Desde então a internet se divide entre quem defende Chris, Smith ou apenas aqueles que ressaltam como mais importante repudiar a violência à mulher. Timidamente, surgem aqueles que perguntam: Chris ou até mesmo Will poderiam ser punidos conforme o Direito Brasileiro?

Chris Rock: intenção de brincar ou de ferir?

Chris Rock falou, ao vivo, e na frente de Jada Pinkett, que esta fizesse a sequência de “Até o limite da honra”, filme em que Demi Moore vive uma protagonista careca. Sua fala ocasionou risos da plateia, mas um indisfarçável constrangimento de Jada.

O art. 140 do Código Penal Brasileiro prevê detenção de um a seis meses (ou multa) a quem injuriar alguém, ofendendo a dignidade ou o decoro da vítima, como teria feito Chris; ocorre que o juiz pode deixar de aplicar a pena (§1.º, I e II), quando o ofendido, de forma reprovável, provocou diretamente a injúria, ou no caso de revide imediato. Não foi o caso.

Entretanto, para o Superior Tribunal de Justiça (STJ), para haver punição, tem que ficar clara a intenção de injuriar, e não de brincar: “para a configuração dos crimes contra a honra, exige-se a demonstração mínima do intento positivo e deliberado de ofender a honra alheia (dolo específico)”. É o que está na Tese 1 da Edição 130 da Jurisprudência em Teses.

No enunciado destacado pelo STJ, fala-se que é necessário no crime contra a honra a intenção de imputar fato criminoso, de difamar ou de machucar (“animus caluniandi diffamandi vel injuriandi”), o que é diferente, conforme a doutrina, da intenção de brincar (“animus jocandi”), de aconselhar (“animus consulendi”), de narrar fato próprio (“animus narrandi”), de corrigir (“animus corrigendi”) ou de defender direito (“animus defendendi”).

Desta feita, o juiz brasileiro que fosse responsável por tal caso deveria fazer um exame do “elemento subjetivo” – ou seja, na intenção de Chris quando proferiu a infeliz fala.

Vale salientar que a responsabilização penal – que é o assunto da minha coluna de hoje - é diferente da civil: Rafinha Bastos, em caso célebre, não foi punido criminalmente, mas teve que pagar indenização por crime contra a honra.

Contexto: prévias provocações

Antes ainda ao evento de ontem, Chris Rock já fazia Jada e Will de alvos.
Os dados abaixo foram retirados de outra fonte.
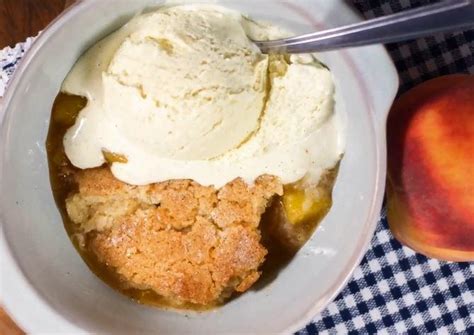 lazy-day-southern-peach-cobbler image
No Oscar em 2016, quando também era apresentador, Chris brincara sobre os ausentes Jada e seu marido, que aderiram ao #OscarsSoWhite, movimento online que tratava da falta de diversidade na premiação.

Na ocasião, Chris falou que “Jada boicotar o Oscar é como eu boicotar a calcinha de Rihanna: eu não fui convidado”.

Depois, falou que “Jada está com raiva de seu homem Will não ter sido indicado por ‘Um Homem Entre Gigantes'”.

Não satisfeito, prosseguiu dizendo que “Não é justo que Will tenha sido tão bom e não tenha sido indicado. Também não é justo que Will tenha recebido US$ 20 milhões pelo filme de 1999 ‘Wild Wild West'”, referindo-se a este filme que é considerado fiasco.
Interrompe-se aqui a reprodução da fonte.